Early warning systems, put in place following criticism that the response to the 2010 crisis was “too little, too late,” allowed governments and aid agencies to react more quickly in 2012.
But while more than 5 million people received food aid from the World Food Program last year, Ford said that initial disagreement over the severity of the crisis and a critical delay in receiving pledged funds meant that millions more were never reached.
This left many people unable to recover from the crisis and has made them more vulnerable to future shocks such as drought.
Mbacké Niang, who oversees Oxfam’s regional programs, said that in order to break this cycle of food insecurity, aid workers and local authorities must not only react earlier, but also address structural challenges.
Niang said there must be a clear understanding of who is most vulnerable and why before addressing the gap that exists between short-term emergency response and long-term development work. And donors and governments should increase investment in local and national food reserves, small-scale agriculture and social protection programs to better support citizens.

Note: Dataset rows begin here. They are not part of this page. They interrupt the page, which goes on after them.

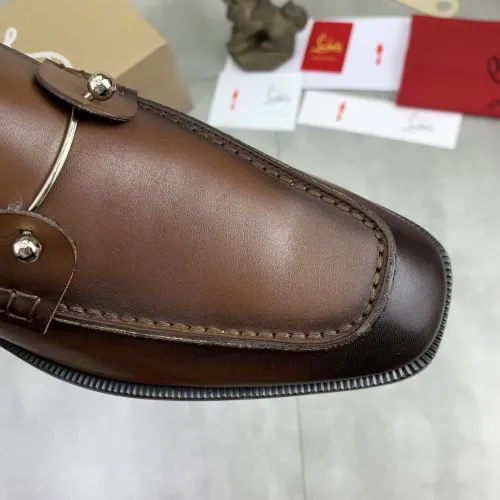 Replica Christian Louboutin Leather Shoes For Men #1455587 $102.00 USD for Wholesale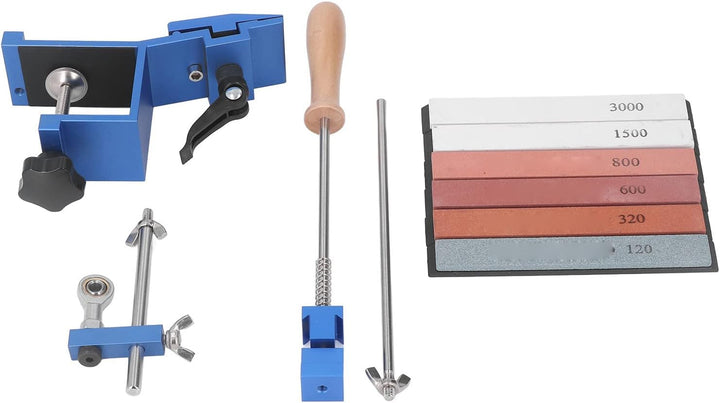 Greensen Messerschärfer mit Festem Winkel, 6 Schleifsteine, 15° und 40° Winkel, Kit 200S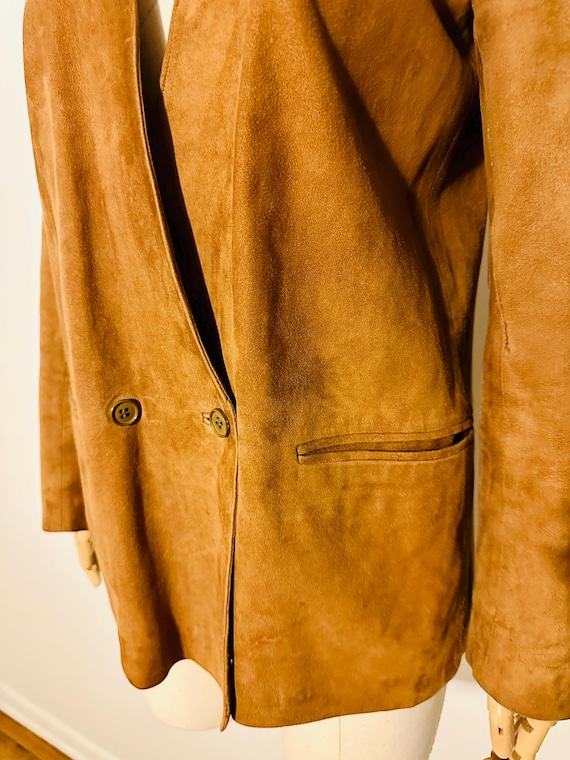 Double Breasted suede jacket - image 3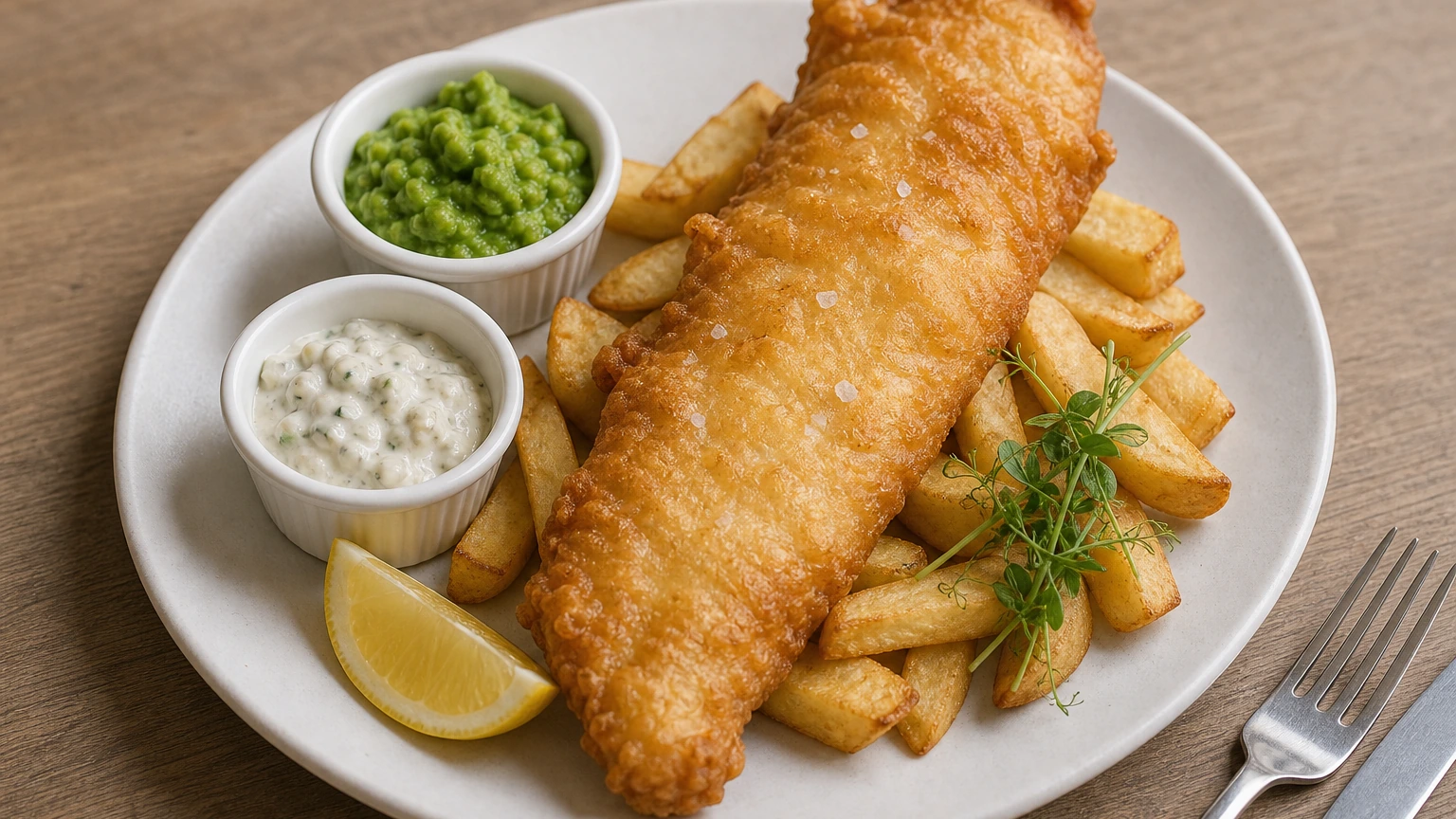 Paramount Cafe demo visual: fish-and-chips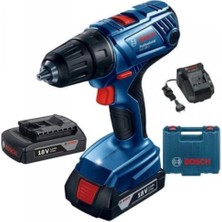 Boschbosch Professional Gsr 180-LI 18 Volt 2.0 Ah Çift Akülü Darbesiz Delme/vidalama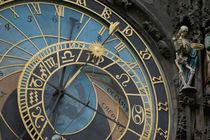 Astronomical Clock on tower of Old Town Hall, Prague, Czech Republic by Danita Delimont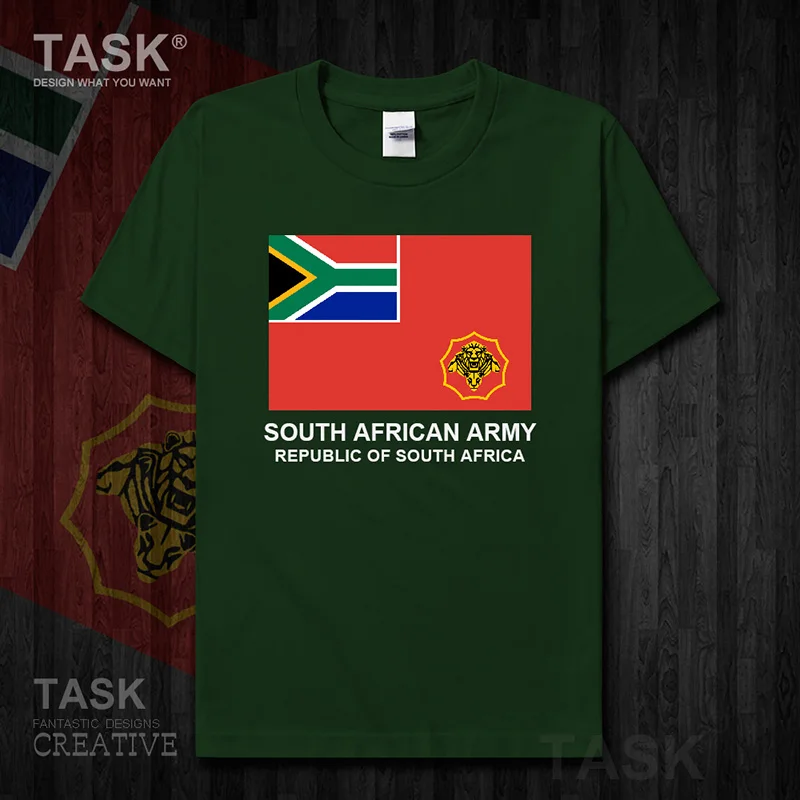 Армия Южная Африка RSA Африканский ZAF Новые Топы Модные летние хлопковые
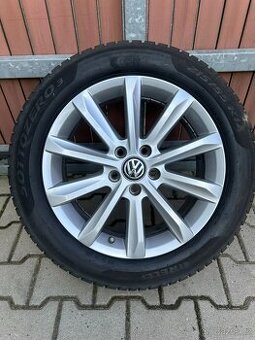 Alu kola + Pneu VW PASSAT B8 3G 215/55 originál,R17 - 1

Ending the divide between short and long-term aid is particularly important, said Niang, because humanitarian workers tend to have different goals and ways of working than development experts. Niang believes what is needed is a consensus - a joint-action plan between the two groups - a system that doesn’t sacrifice long-term security for short-term relief, and vice versa.
While some steps are being taken in the right direction, Ford said aid agencies and governments must take charge of their financial pledges before it is too late.
The United Nations has estimated that $1.66 billion will be needed in 2013 to tackle food insecurity issues in the region.
Oxfam reports that, as of April 5, only 24 percent of the U.N. appeal for aid had been funded.